Fibroblast growth factor 2 (FGF2) has been implicated in diverse cellular processes, including apoptosis, cell survival, chemotaxis, cell adhesion, migration, differentiation, and proliferation [1].

FGF2 induces biological responses by binding to and activating Fibroblast growth factor receptor 1 (FGFR1), a subfamily of cell surface receptor tyrosine kinases (RTKs). FGFR1 interacts with components of the extracellular matrix, in particular heparan sulfate proteoglycans (such as Perlecan). Perlecan protects the FGF2 from thermal denaturation and proteolysis, and is required for activation of the FGFR1 and for defining the mode of interaction between specific FGF-FGFR pairs. Heparin binds directly to FGF2 and FGFR1 and thereby modulates activation of the FGFR1 [2].

Transmembrane heparan sulfate proteoglycans (Syndecan-1, Syndecan-2 and Syndecan-4) are able to bind FGF2 to heparan sulfate chains and present it to the FGFR1. Remodeling of heparan sulfate chains may affect FGF2 signaling [3], [4].

The most common pathway employed by FGF2 is the mitogen-activated protein kinase (MAPK) pathway. The process involves the lipid-anchored docking protein Fibroblast growth factor receptor substrate 2 (FRS2) that constitutively binds FGFR1 even when the receptor is not activated. FGFR1 can phosphorylate FRS2 and Src homology 2 domain containing transforming protein (Shc). Phosphorylated FRS2 binds the adapter protein Growth factor receptor bound 2 (GRB2) and the Protein tyrosine phosphatase, non-receptor type 11 (SHP-2). In FGFR1/ FRS2 signaling pathway, SHP-2 acts as adapter protein. Shc and GRB2 form a complex with the Guanine nucleotide exchange factor Son of sevenless proteins (SOS). Translocation of this complex to the plasma membrane by binding to phosphorylated FRS2 allows SOS to activate v-Ha-ras Harvey rat sarcoma viral oncogene homolog (H-Ras) by GTP exchange due to its close proximity to membrane-bound H-Ras. Once in the active GTP-bound state, H-Ras interacts with several effector proteins, including v-Raf-1 murine leukemia viral oncogene homolog 1 (c-Raf-1). That results in activation of the Mitogen-activated protein kinase kinases 1 and 2 (MEK1/2)/ Mitogen-activated protein kinases 1 and 3 (ERK1/2) signaling cascade. This cascade leads to phosphorylation of the target transcription factor ELK1 [5], [6], [7], [8].

GRB2 is bound to tyrosine-phosphorylated FRS2, and the C-terminal SH3 domain of GRB2 forms a complex with the proline-rich region of GRB2-associated binding protein 1 (GAB1) to serve as an interface between these two docking proteins.
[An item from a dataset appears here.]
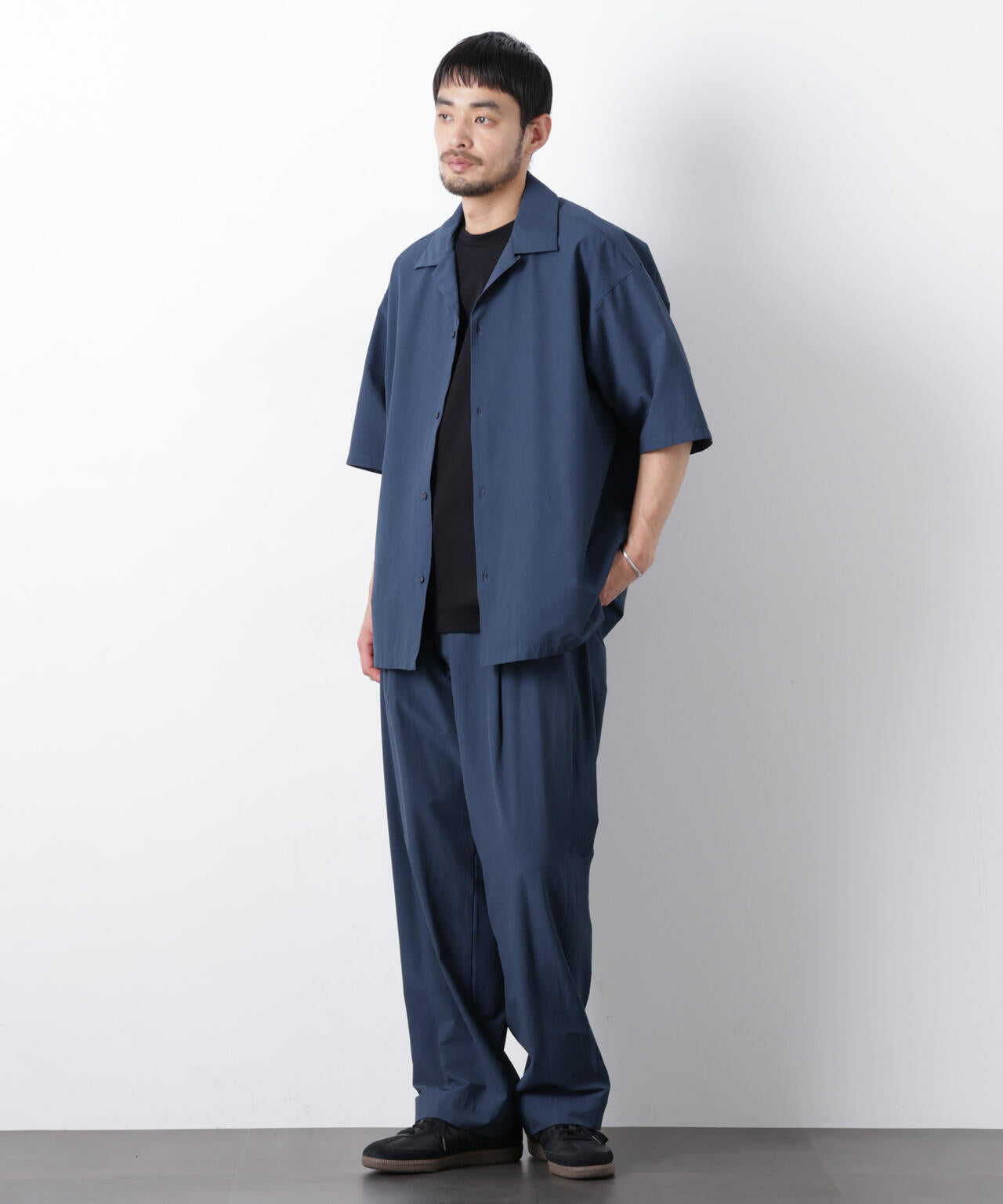 ストレッチワイド オープンカラーシャツ 半袖 6726121202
Phosphatidylinositol-3-kinase kinase (PI3K) is one of the effectors of GAB1 and thus might be involved in FGF-induced activation of PI3K [9].
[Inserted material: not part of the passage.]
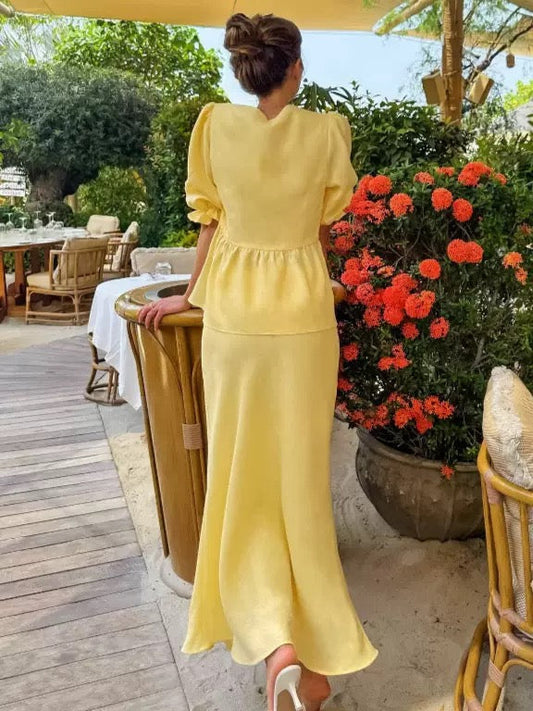 Modern and elegant ruffled suit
Assembly of FRS2/ GRB2/ GAB1 complex induced by FGF stimulation leads to activation of the PI3K and the downstream effector proteins such as the v-AKT murine thymoma viral oncogene homolog (AKT) which cellular localization and activity is regulated by product of PI3K, Phosphatidylinositol 3,4,5-trisphosphate (PtdIns(3,4,5)P3) [10].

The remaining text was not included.